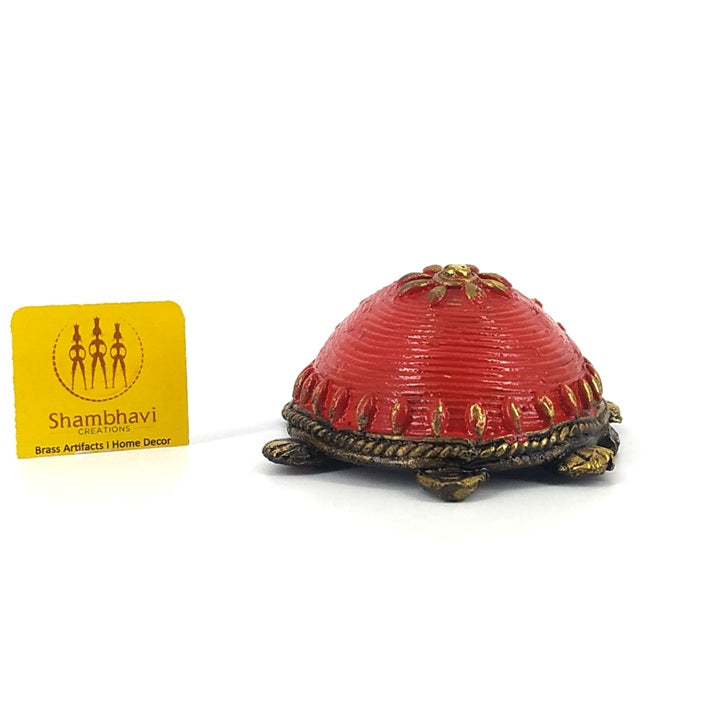 Dhokra Art Bell Metal Turtle Figurine (Red, 3.5 inch)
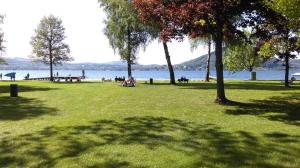 a park with people sitting on the grass near the water at Rooming Green mit Seeblick in Weyregg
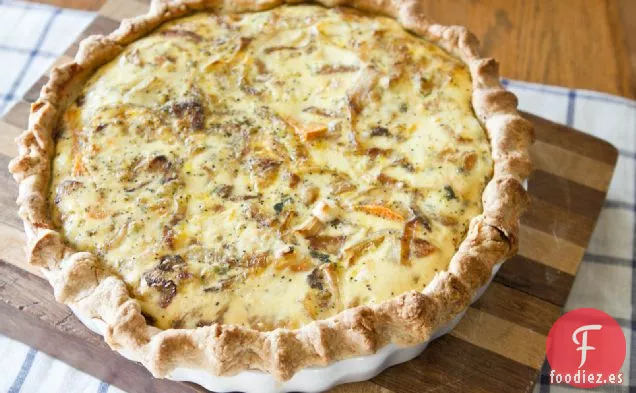 Batata Asada, Cebolla Caramelizada Y Quiche De Gorgonzola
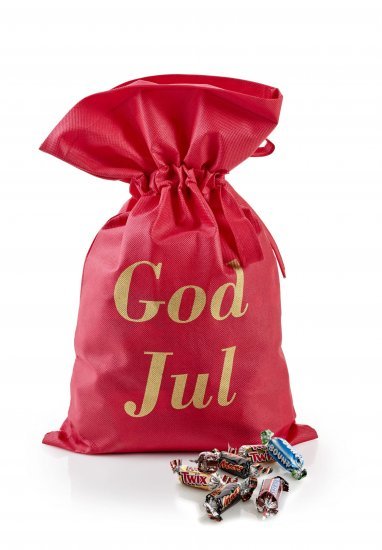 Rød stofpose m/tryk God Jul, Mars Miniaturemix, 1750 g.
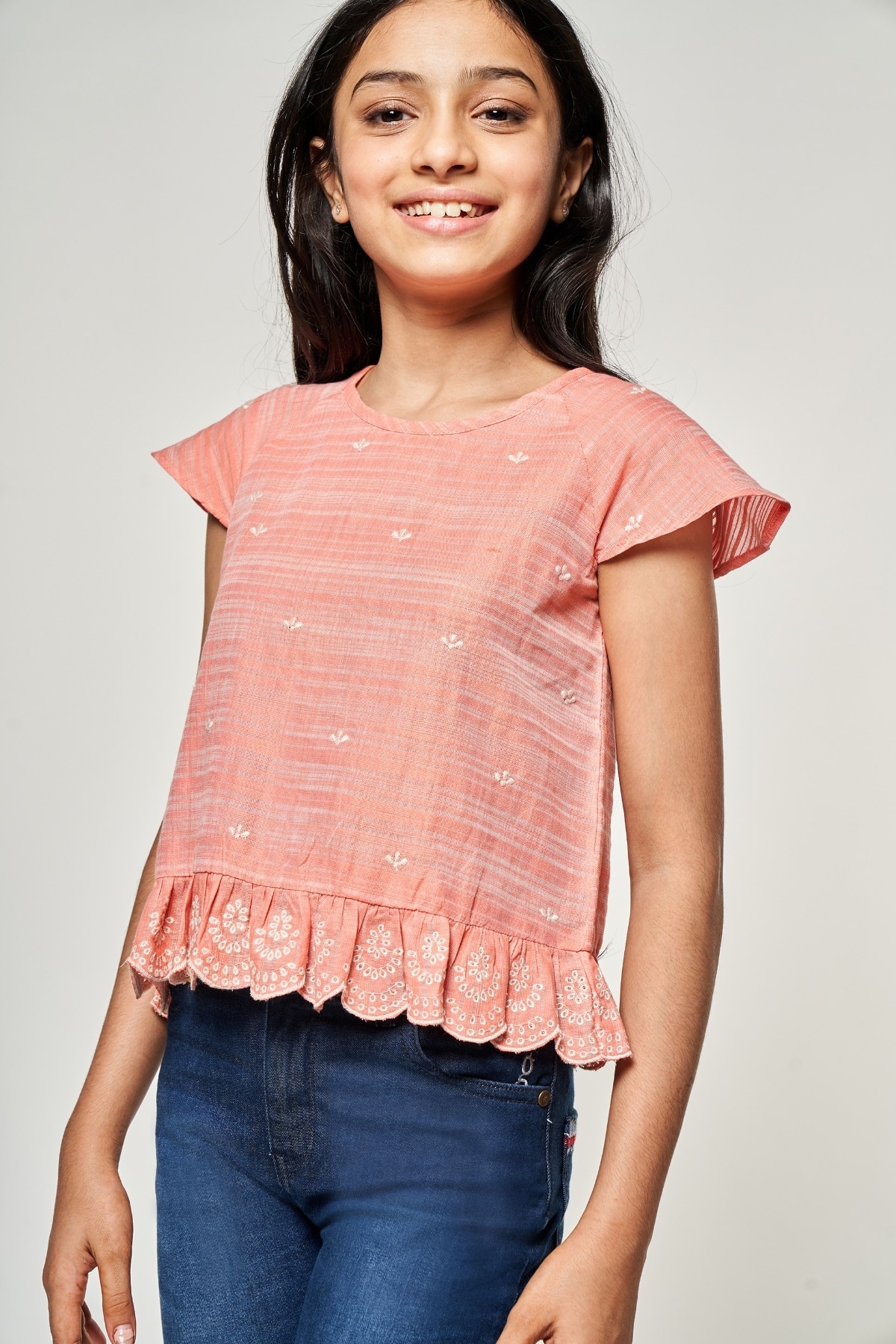 Global Desi | Peach Solid Embroidered A-Line Top
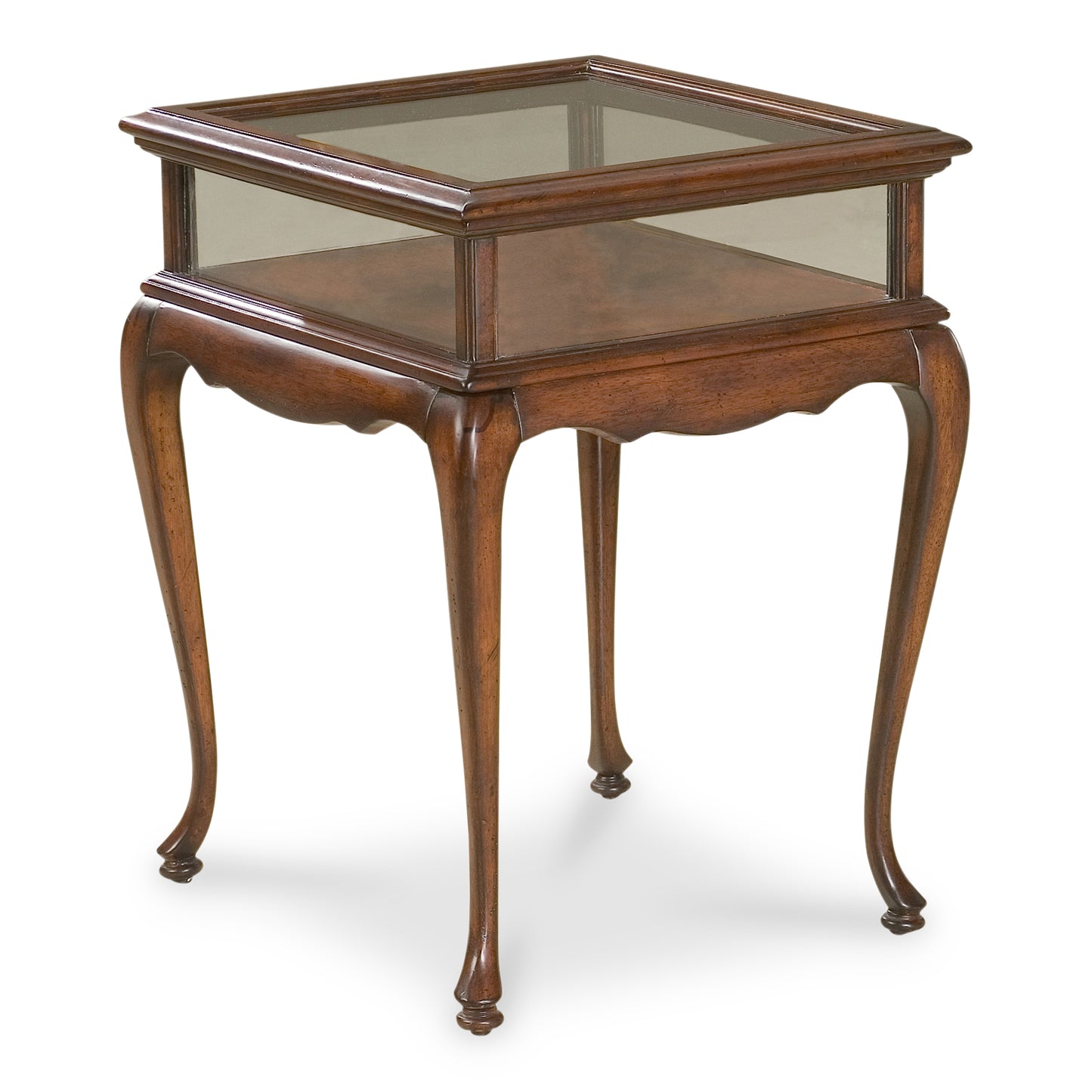 Butler Specialty Company Burton 18 in. W Square Wood and Glass Traditional Curio Table, Dark Brown
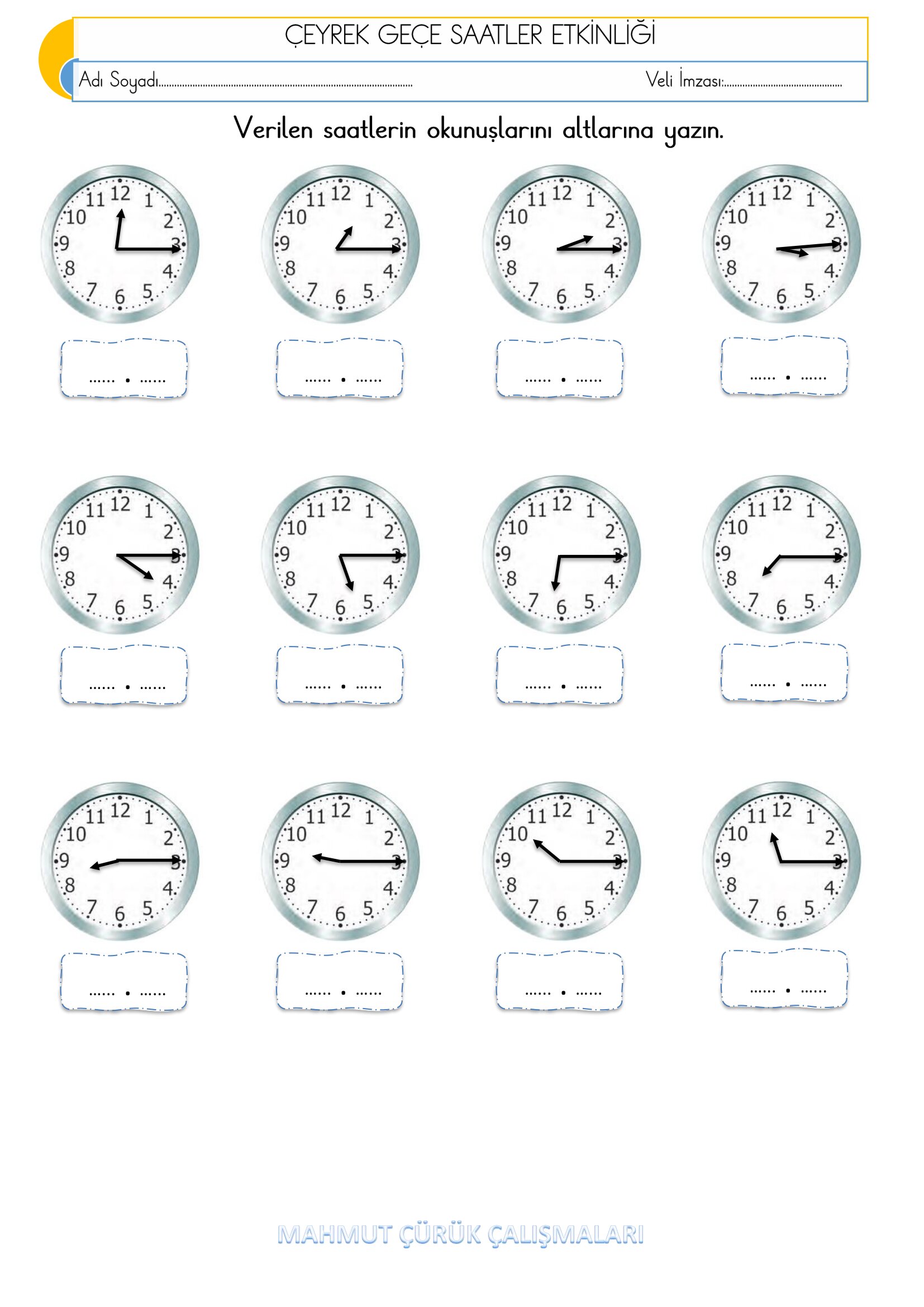 2.Sınıf - Matematik - Çeyek Geçe Saatler Etkinliği
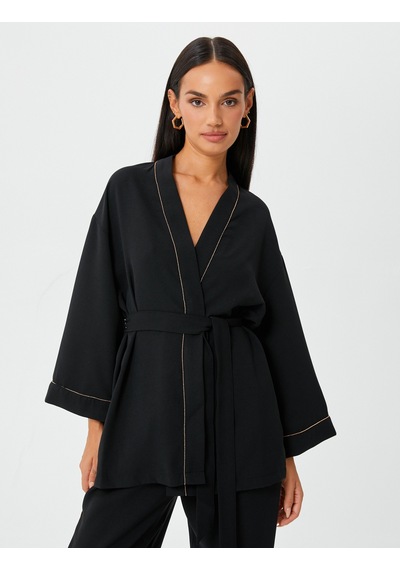 Koton Kimono Kuşaklı Işıltılı Şerit Detaylı Siyah 4wak50160uw Siyah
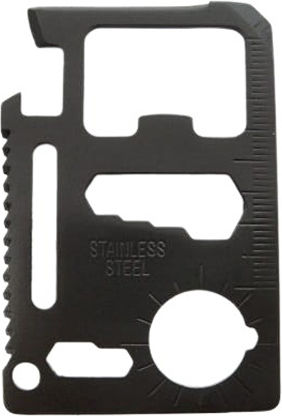 Survival Multi-purpose Tool Keychain Card Black in Leather Sheath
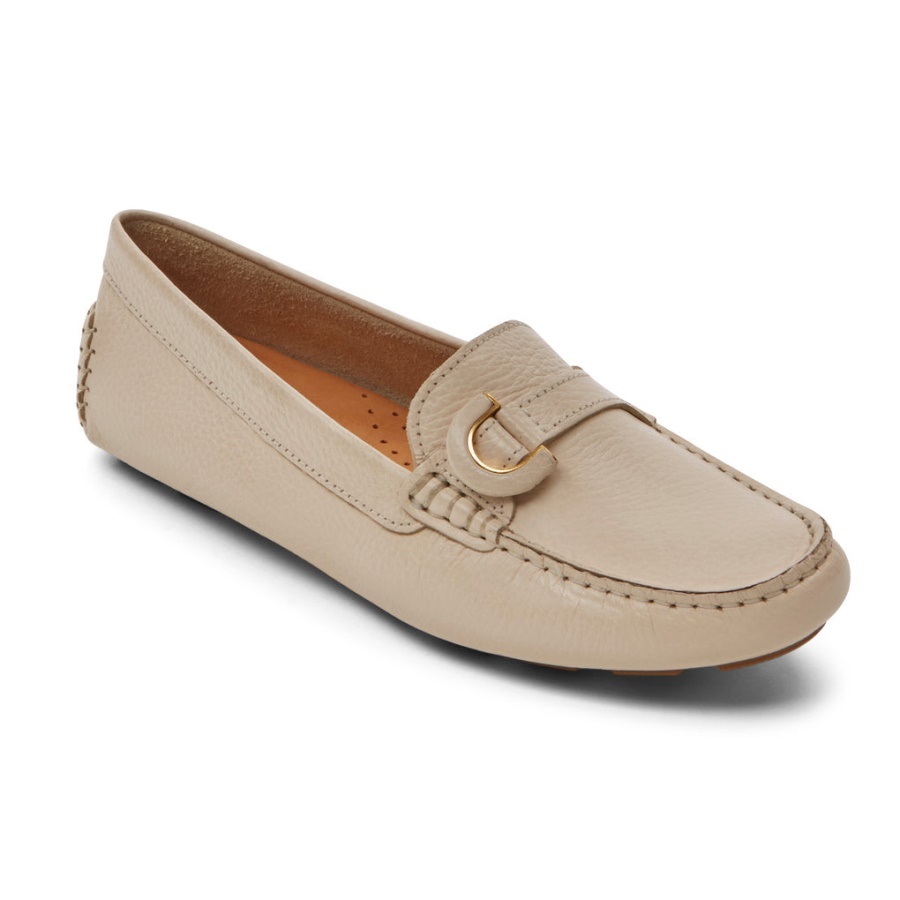 Mocassim Feminino Rockport Bayview Anel De Baunilha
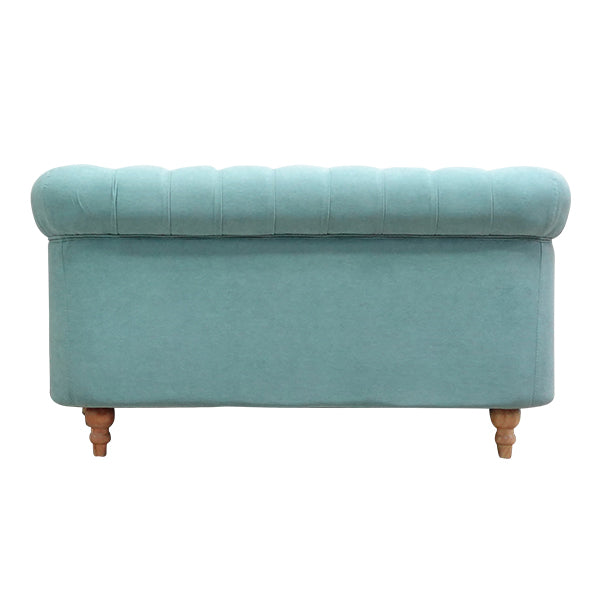 シャーベットブルーファブリックコンパクトチェスターフィールド2シーターソファ　VINCENT(ヴィンセント)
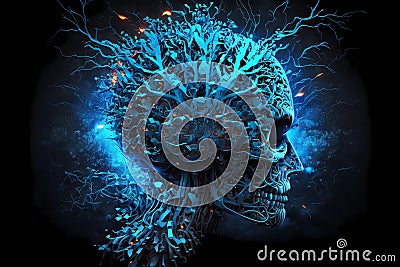 3d artificial intelligence brain on blue background. Artificial engineering, machine learning technics concept Cartoon Illustration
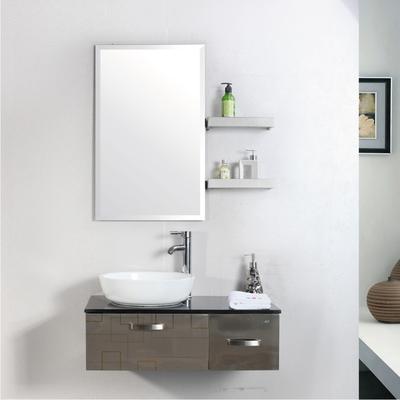 桑莱特 不锈钢含带配套面盆玻璃台面E0级简约现代 浴室柜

════════

• WHAT TO PRODUCE: What is needed is the exact run of lines from the start of the data through the line with "Survival Multi-purpose Tool", both ends included, minus the pictures.

• EXPECTED ANSWER:
 Dhokra Art Bell Metal Turtle Figurine (Red, 3.5 inch)
 a park with people sitting on the grass near the water at Rooming Green mit Seeblick in Weyregg
 Batata Asada, Cebolla Caramelizada Y Quiche De Gorgonzola
 Rød stofpose m/tryk God Jul, Mars Miniaturemix, 1750 g.
 Global Desi | Peach Solid Embroidered A-Line Top
 Butler Specialty Company Burton 18 in. W Square Wood and Glass Traditional Curio Table, Dark Brown
 2.Sınıf - Matematik - Çeyek Geçe Saatler Etkinliği
 Koton Kimono Kuşaklı Işıltılı Şerit Detaylı Siyah 4wak50160uw Siyah
 Survival Multi-purpose Tool Keychain Card Black in Leather Sheath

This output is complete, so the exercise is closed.